The FDA currently uses MDLs as defined in 40 CFR 136 Appendix B as the lowest concentration reportable for screening purposes for dietary exposure assessments. The MDL is equal to the sample standard deviation of low-level spiked matrix (0.05 µg/kg) multiplied by the corresponding student’s t-value for a single-tailed 99th percentile t-statistic with n-1 degrees of freedom [14, 17]. This results in the minimum concentration that is significantly different from zero and varies for different analytes and matrices. For determining the LOQ, the sample standard deviation is multiplied by 10.
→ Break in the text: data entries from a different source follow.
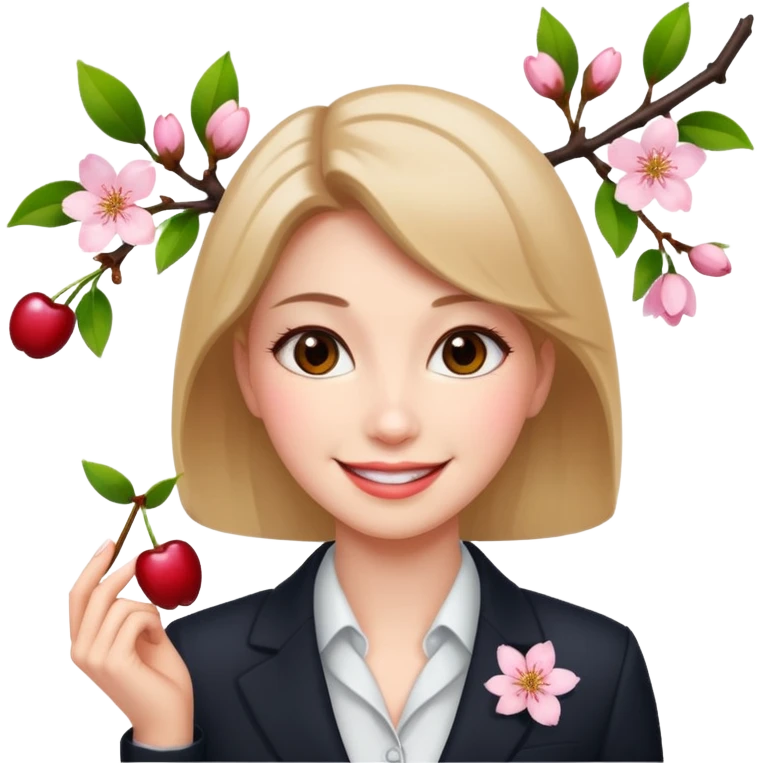 business woman with cherry blossom emoji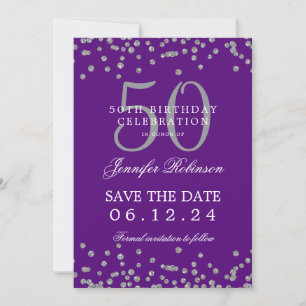 Silver Purple 50 Birthday Save Date Confetti Invitation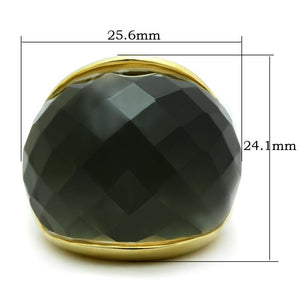 LO1172 - Gold Brass Ring with Precious Stone Conch in White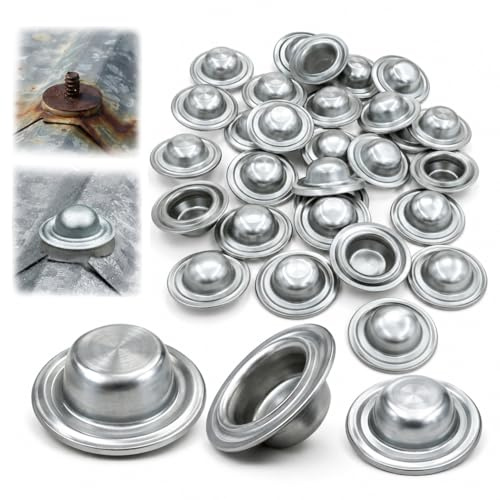 Tapas de metal para tornillos de techo, tapas de tornillos de metal impermeables, cubiertas de tornillos para proteger las cabezas de los tornillos, fáciles de montar, tapas de fijación para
It is recognized that the MDL and LOQ represent different concepts where the MDL defines the value which can be detected and the LOQ the value which can be quantified. Since the FDA is currently reporting out all data above the MDL, the MDLs for lettuce, blueberry, and milk were also compared to the LOQs required for monitoring purposes to compare differences in concentrations reported in monitoring the food supply in Europe and the US. When comparing the FDA MDL to the EURL LOQ for blueberries, PFOA and PFHxS were below and PFOS was 0.015 µg/kg compared to the required 0.010 µg/kg. For lettuce, PFHxS was below and PFOS and PFOA were both 0.014 µg/kg compared to the required 0.010 µg/kg. PFNA was higher (0.014 and 0.013 µg/kg compared to the required 0.005 µg/kg). For the MDL milk comparison, 3 out of 4 analytes were below the required LOQs by the EURL POPs and PFOA was 0.020 µg/g compared to the required 0.010 µg/kg.


The expansion of the FDA’s analytical method for PFAS in foods from 16 to 30 analytes allows for the determination of additional analytes that have the potential to be found in the US food supply. This expanded method will allow these analytes to be determined in future Total Diet Study samples, which are used for assessing dietary exposure, and in other studies involving foods affected by environmental contamination. The FDA method can quantify analytes with maximum levels identified in Commission Regulation (EU) 2022/2388 in priority foods below the recommended LOQs. For monitoring purposes, the FDA reports values above the MDLs and these are comparable with LOQs required by the EURL POPs for surveillance samples. This indicates that values above similar thresholds are being reported in the US and Europe but an extra concentration step is needed in the FDA method to reach the required LOQs for produce and milk. For exposure assessments, the lowest possible LOQs are desired and continued improvements in instrumentation and methods are needed to reach EURL POPs targeted LOQs. By continuing to expand and improve the analytical method for PFAS in foods, the FDA can improve its knowledge of PFAS dietary exposure and surveillance of PFAS of foods in the US marketplace.